Dubbed Operation Snail, about 40 trawlers formed a queue near the Boulogne-sur-mer port to slow down traffic through the Dover Strait, one of the busiest seaways used by some 600 vessels a day between the Atlantic and the North Sea.
In Dunkirk, fishermen set fire to crates and set up roadblocks to prevent trucks from entering the Total oil refinery where riot police were deployed to secure the entrances, said an AFP correspondent.
Fishermen ransacked fish stands at two wholesalers in Normandy while police dismantled roadblocks set up five days ago to cut off access to the BP Mobil depot at Frontignan in the south, a police official said.
Similar protests took place in Belgium where hundreds of fishermen marched in the main fishing port of Zeebrugge while crews in Portugal announced a nationwide strike as of next Friday.
Agriculture and Fisheries Minister Michel Barnier travelled to the western city of Rennes to defend his offer of 110 million euros (173 million dollars) in immediate aid to help cushion the cost of soaring fuel prices.
"I believe that this plan has nothing in common with what has been done in the past. It is an urgent response to the need to modernise French fisheries," said Barnier.
The emergency aid announced on Wednesday will come from a 310-million-euro package unveiled earlier this year after the fishermen blocked several ports in a similar protest movement in November.
But the fishermen said they were dissatisfied with the government's offer and refused to heed the call from their leaders to go back to work.
Maritime officials in the northern Pas-de-Calais region said Operation Snail was slowing down commercial shipping and sent three navy vessels, a helicopter and two tugboats to the zone to beef up monitoring.
About 40 fishermen occupied the offices of the regional Finistere administration in the Brittany city of Quimper, while boats sat idle in the port of Guilvinec.

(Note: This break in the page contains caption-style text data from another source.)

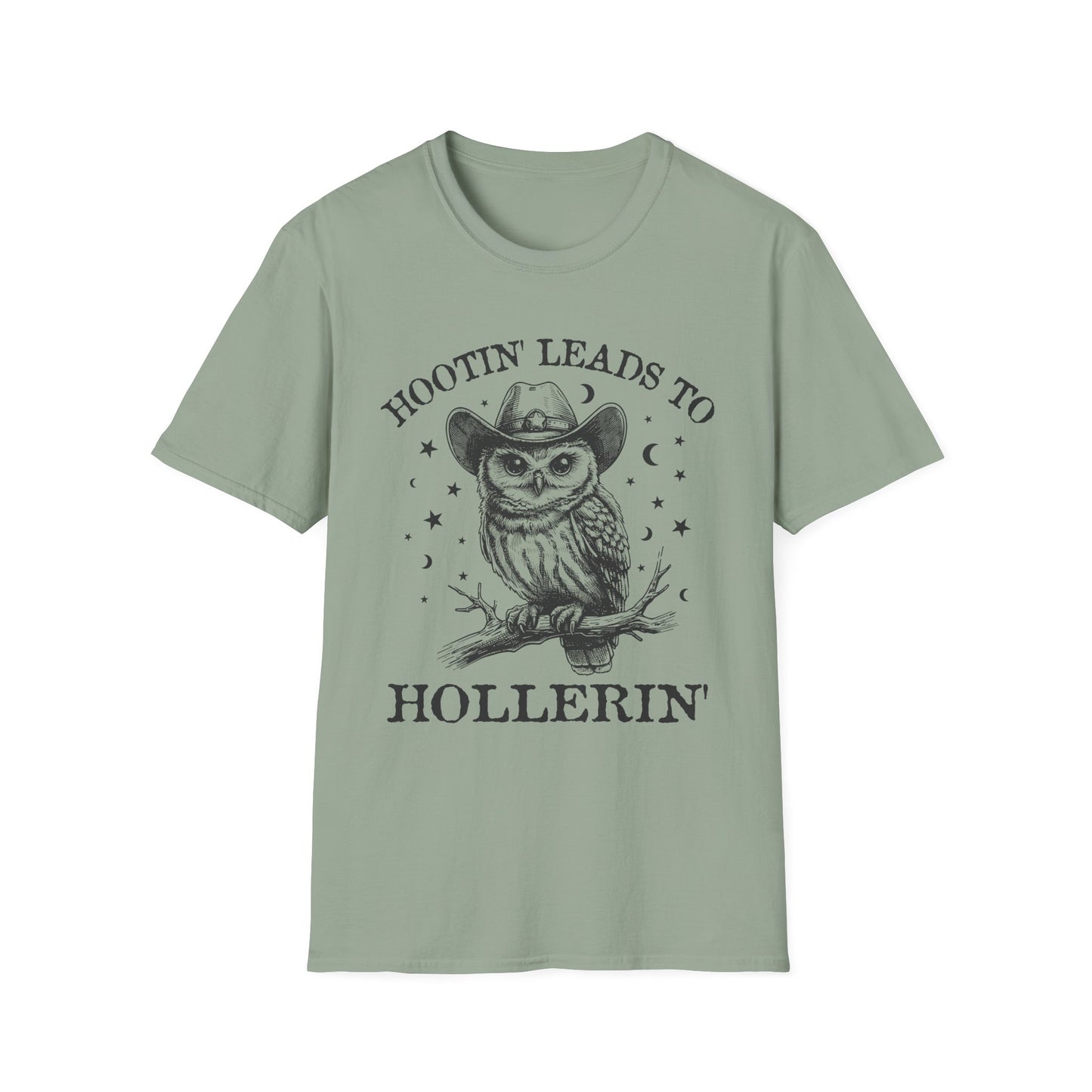 Hootin' Leads to Hollerin' Owl Adult Tee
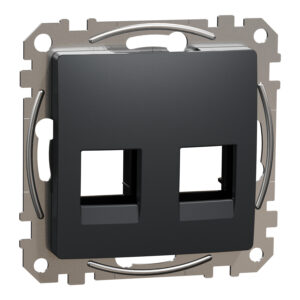 Sedna Design & Elements, διπλό κάλυμμα AMP MOL KEL cat5e 6 UTP, ανθρακί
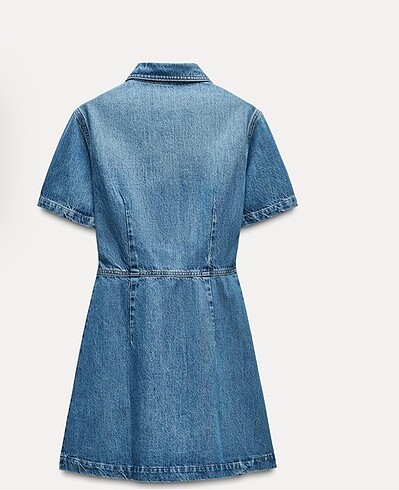s Beden mavi Renk DENIM MİNİ ELBİSE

The trawler crews from Guilvinec were to meet with truckers and farmers to discuss joint action against the soaring price they pay for diesel, some 75 euro cents a litre compared with 40 cents in November.
In Caen, about 100 fishermen ransacked the fish stands of two wholesalers and staged a protest that disrupted traffic along a motorway in Normandy, police said.
Three supermarkets were raided in the southern Bordeaux region late Thursday and fishermen clashed with truckers loading fish at the Arcachon port, local officals said.
President Nicolas Sarkozy's government was also facing questions from the European Union, which expressed concern that the aid package to the fishermen may contain a form of disguised subsidy to businesses.
"This measure is a social measure. It is not assistance to businesses," Barnier said in a television interview.
He expressed confidence that the European Commission would not veto 40 million euros of social grants contained in the package after Brussels said it would look into whether the aid violated EU rules.
The fishermen's protest movement began on May 10 in the Atlantic ports near La Rochelle and quickly spread to northern France and the Mediterranean.
Protests escalated this week, disrupting cross-Channel traffic, while fishermen clashed with police outside a government building in Paris where negotiations were being held.
Motorists have rushed to stock up at filling stations around La Rochelle and shortages were reported near Montpellier on the Mediterranean coast.